### Provided material

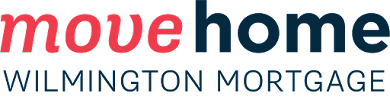 MoveHome Wilmington Mortgage, LLC 02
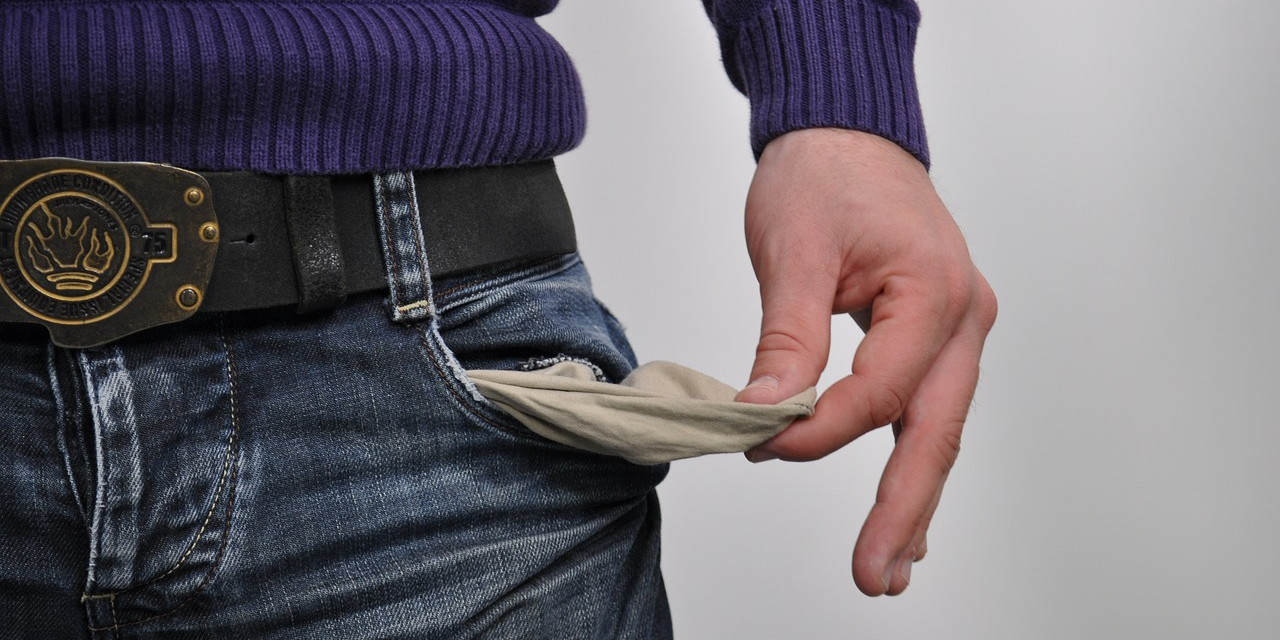 Araştırma: En çok ekonomi konuşuyoruz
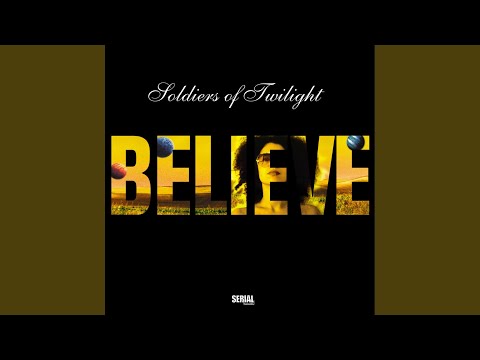 Believe (Original Mix)
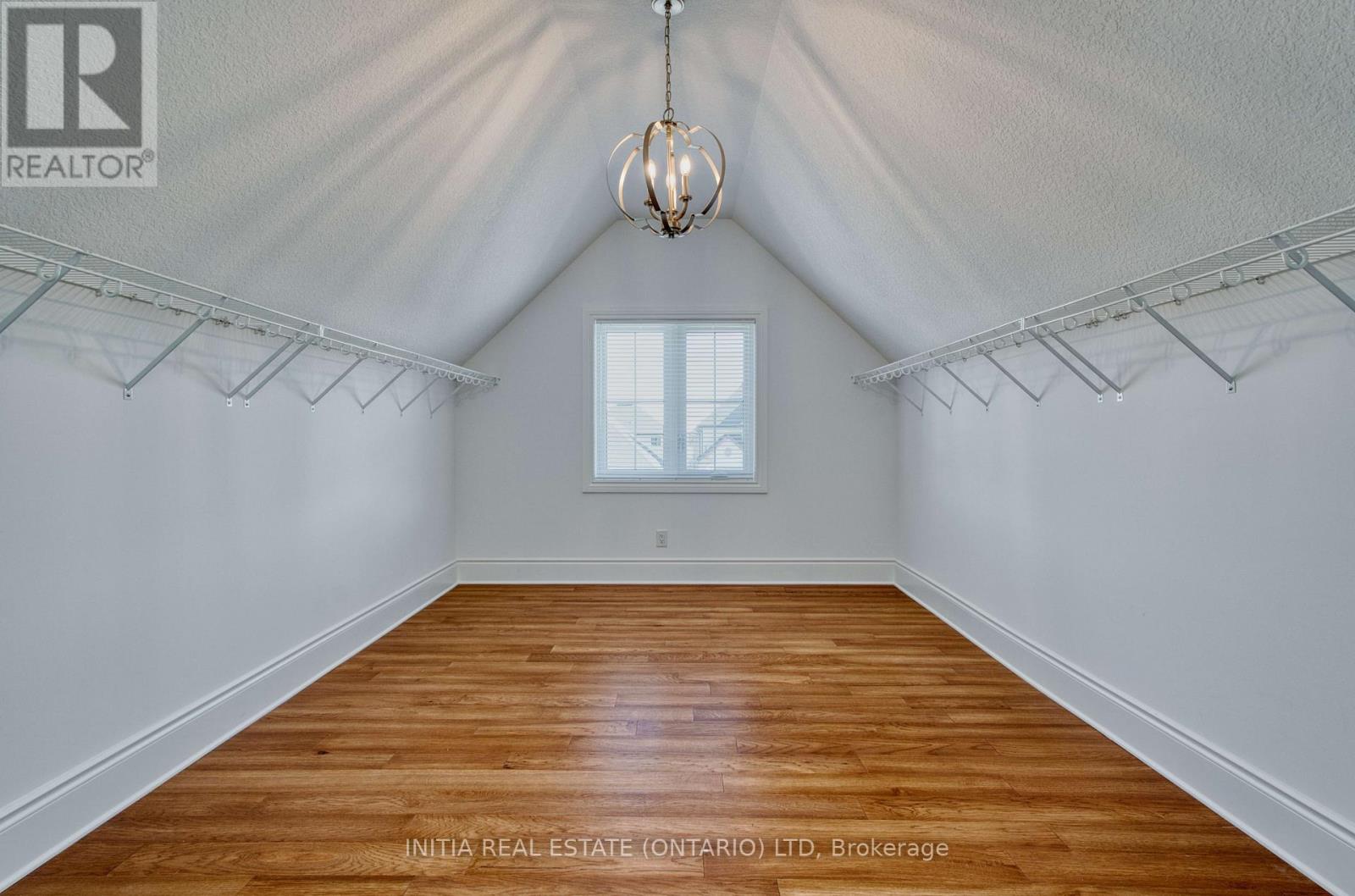 757 Zaifman Circle, London North, Ontario  N5X 0M8 - Photo 32 - X12986288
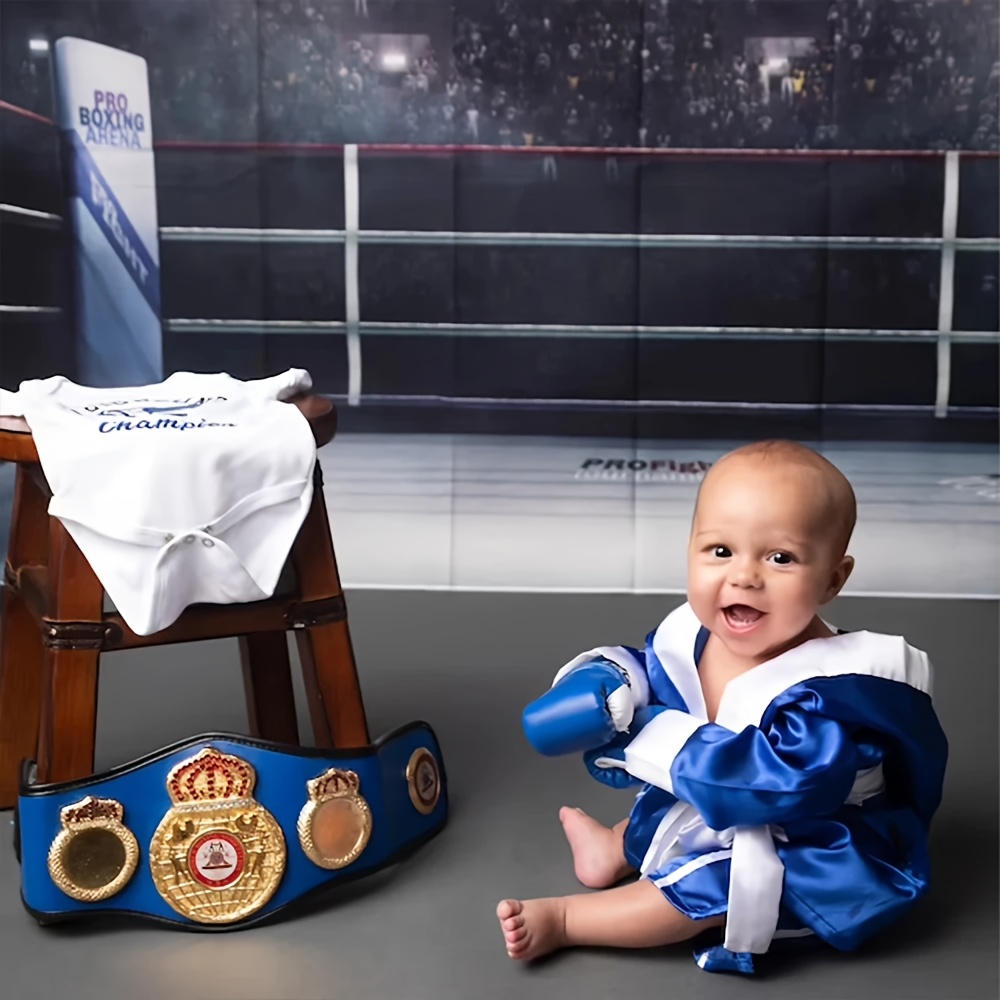 Neugeborenen Fotografie Requis – Baby Clothing Sets Boy Bewertung und Preis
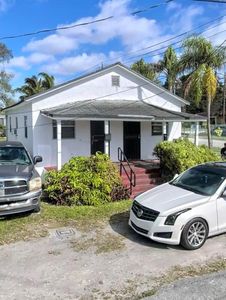 2901 NW 48th Street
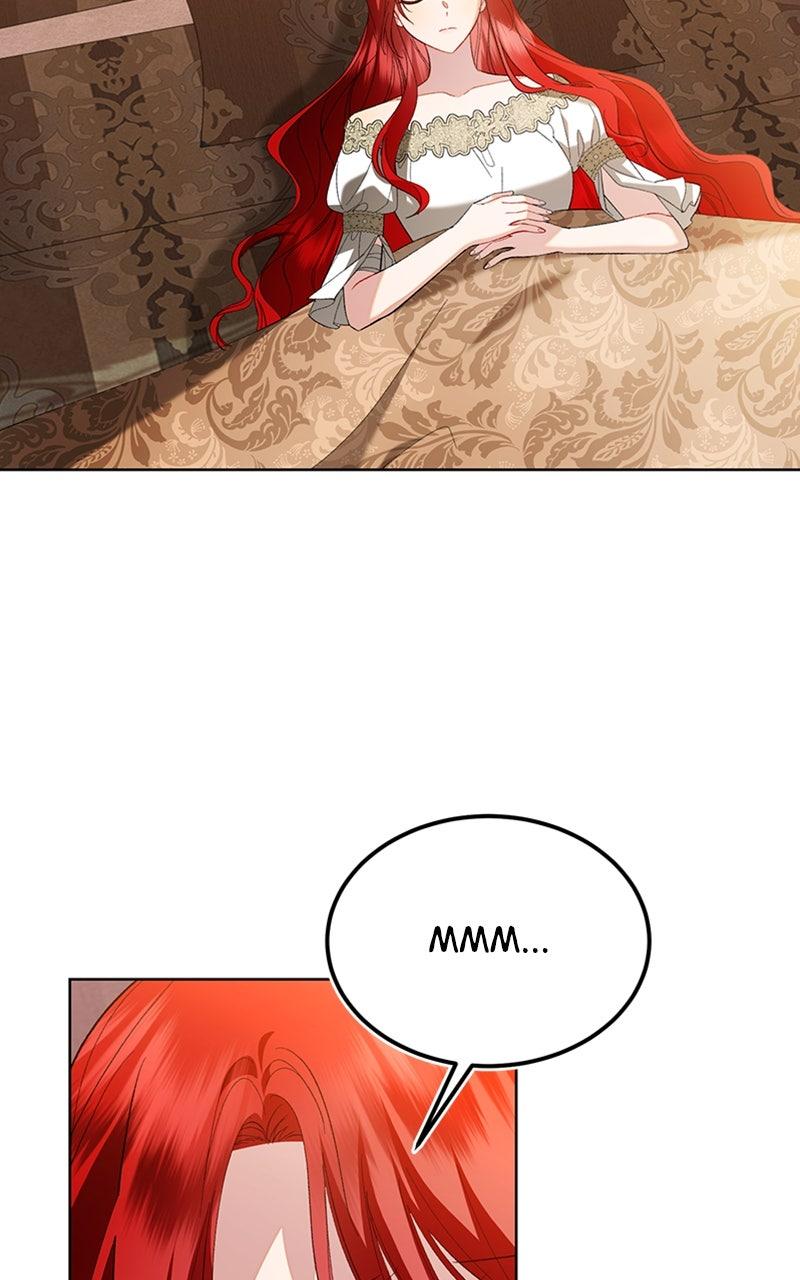 The Knight Becomes a Black Flower Chap 32 - Next Chap 33
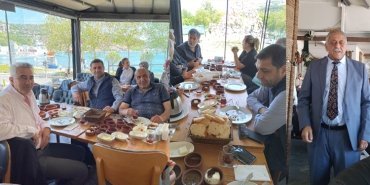 cayirbasi-dernegi-kahvalti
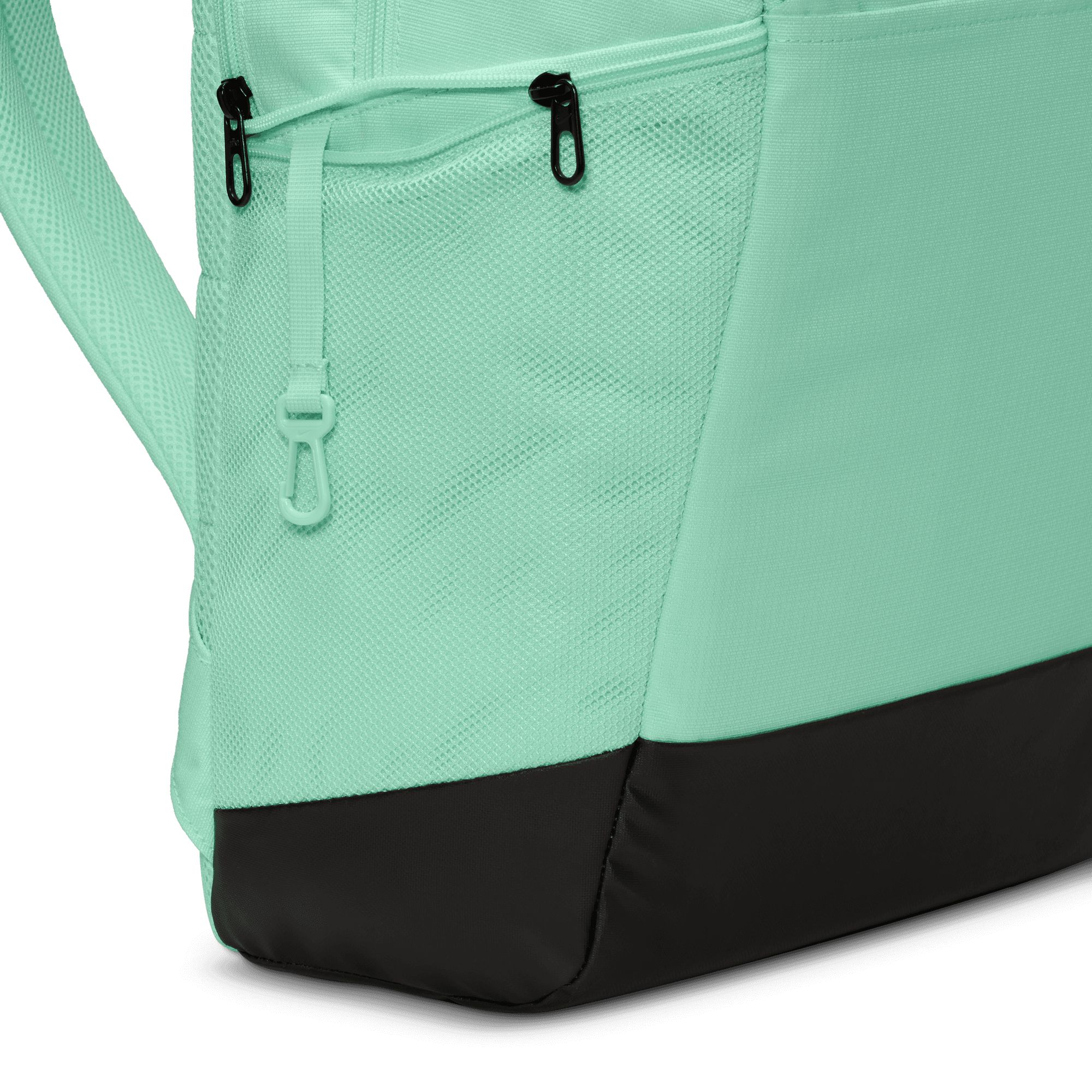 Nike 24L Brasilia Medium Backpack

### Assignment
Starting with the line that contains "2901 NW 48th Street", repeat each line exactly until the listing ends, including the last one. Leave pictures out.

### Answer section
 2901 NW 48th Street
 The Knight Becomes a Black Flower Chap 32 - Next Chap 33
 cayirbasi-dernegi-kahvalti
 Nike 24L Brasilia Medium Backpack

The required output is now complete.